In the design space, the application is described as dataflow, which consists of multiple modules. Each module can has its own setting of HLS directives, i.e. parallelism, and clock frequency. Hi-ClockFlow will find the proper setting for each module to maximize the overall throughput of the application while meeting the resource constraint of the target FPGA device and the number constraint of clock domains.

The problem formulation is shown below:


2. Pushing-Relaxation Heuristic Algorithm

Hi-ClockFlow solves this problem based on pushing-relaxation heuristic algorithm.

The detailed codes are provided in here Compared to common usage of Light-HLS, in the configuration file of Hi-ClockFlow, as an example, users need to specify the resource constraints and the initial clock for the modules in dataflow. The trace of this heuristic algorithm will be recorded in a log file "pushing_relaxtion_log.txt".

The main flow of Hi-ClockFlow is implememnted in Hi_ClockFlow.cc. After pre-processing of source code and analysis of the IR code, Hi-ClockFlow begins its PUSH-RELAX flow, where it tries to PUSH the HLS directives and when PUSH trial failed, it will update the clock combination by RELAX. Please note that this decision is made by these lines.

The PUSH operation is implemented with function tryUpdateHLSDirectives(), in which Hi-ClockFlow find next combination of directives, including loop unrolling, loop pipelining and array partitioning, for the design to optimize the multi-clock dataflow performance.

The RELAX operation is implemented with function justTryUpdateSlowestFuncClock_withoutHLSDSE(), in which Hi-ClockFlow uses function findNextPossibleClockCombination() to get next combination of clocks for the dataflow design.

We keep updating the strategy of this heuristic algorithm for the setting of directives and clocks, ^_^/.
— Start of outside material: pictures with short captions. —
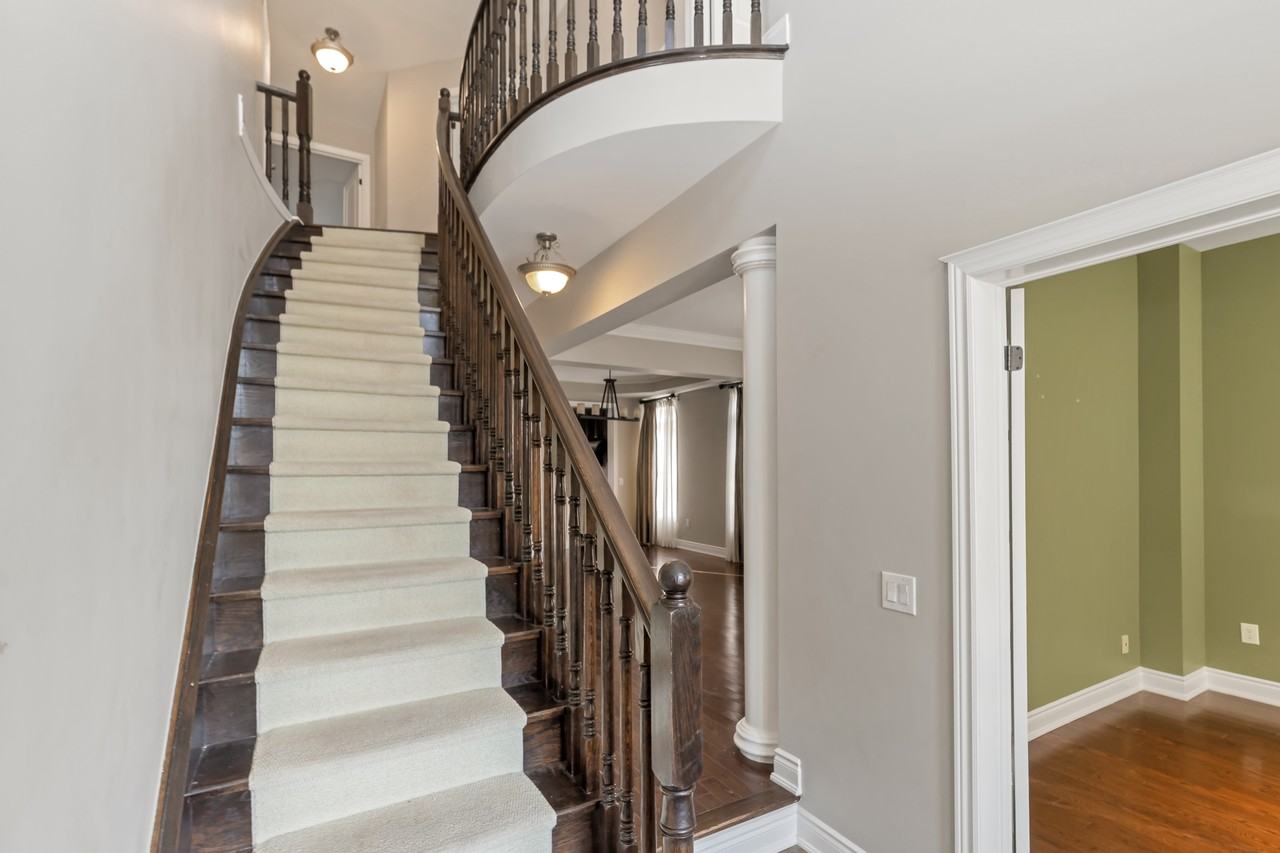 139 Don Minaker Dr - Photo 3 of 29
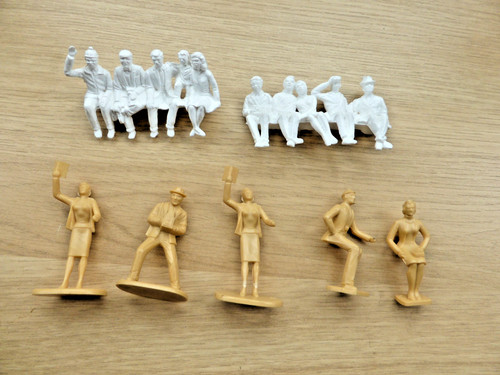 Scalextric spectators - scalextric,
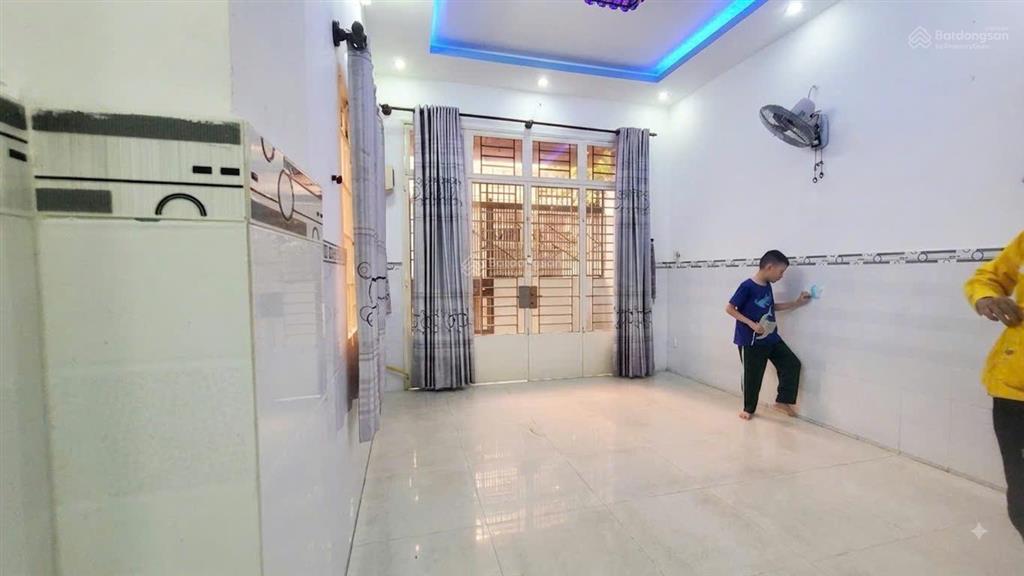 Bán nr tại lê văn sỹ, 5,3 tỷ, 30m2, 2pn, 2wc, 2 tầng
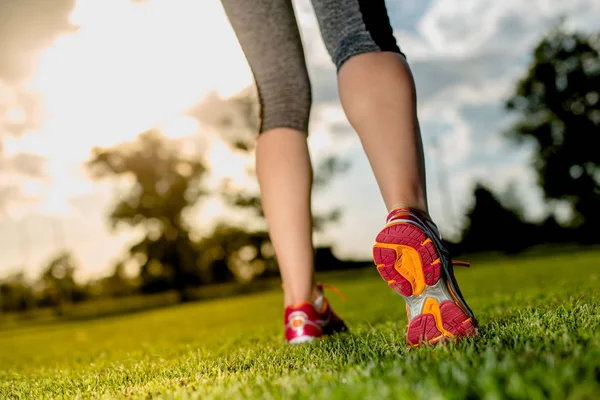 Close up young girl shoes, training summer time concept — Stock Photo, Image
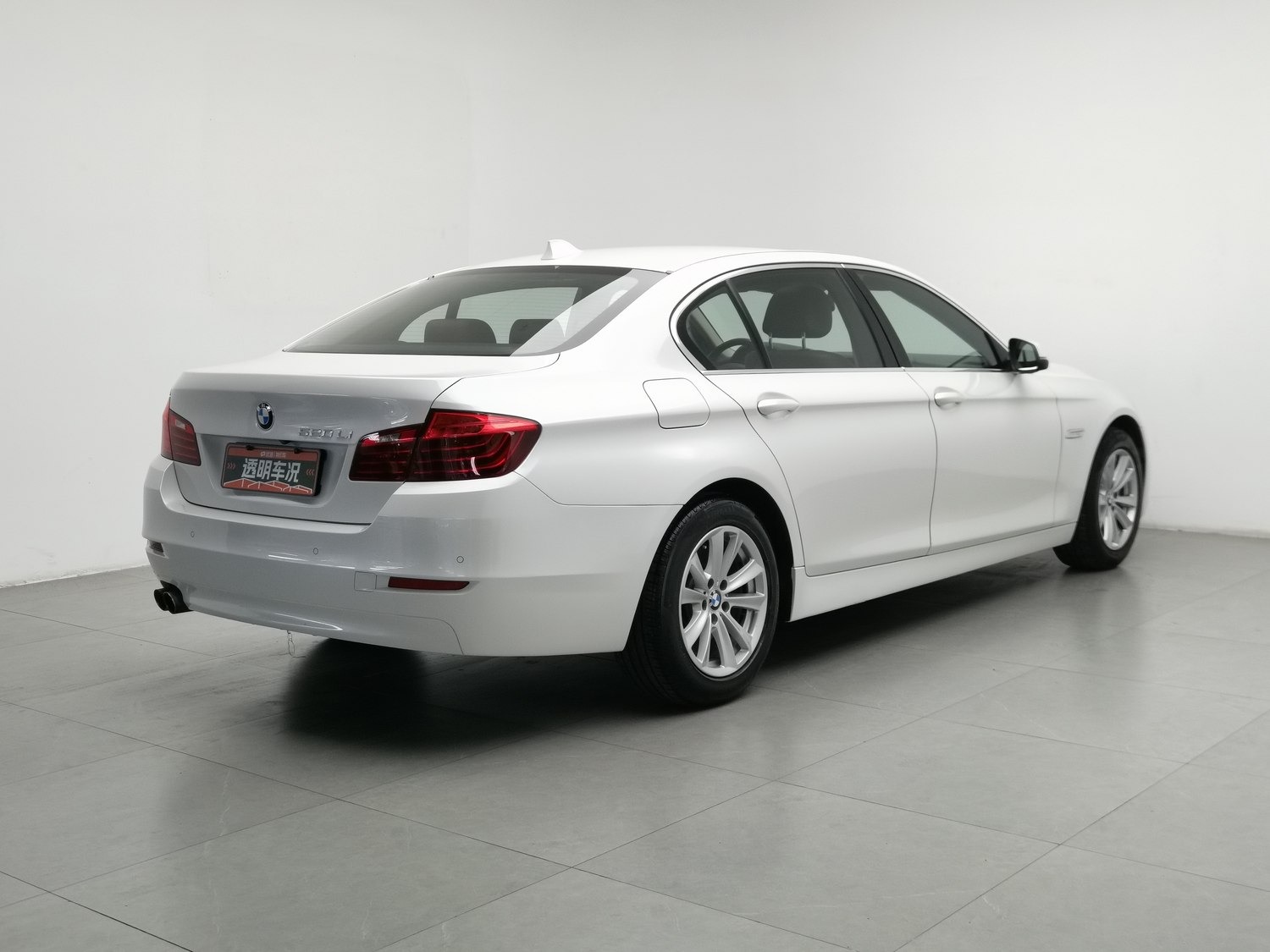 Used BMW THE5 2017 2.0 AT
3. Hardware Implementation of Multi-Clock Dataflow

According to the information from Hi-ClockFlow, designers can implement multi-clock dataflow for various applications. The example projects of multi-clock dataflow are provided via WeiYun Drive since we go through the synthesis, placement, and routing for easier evaluation. The example projects are implemented for Zedboard, a SoC evaluation platform. You can launch the application in VivadoSDK, check the run time, and validate the results.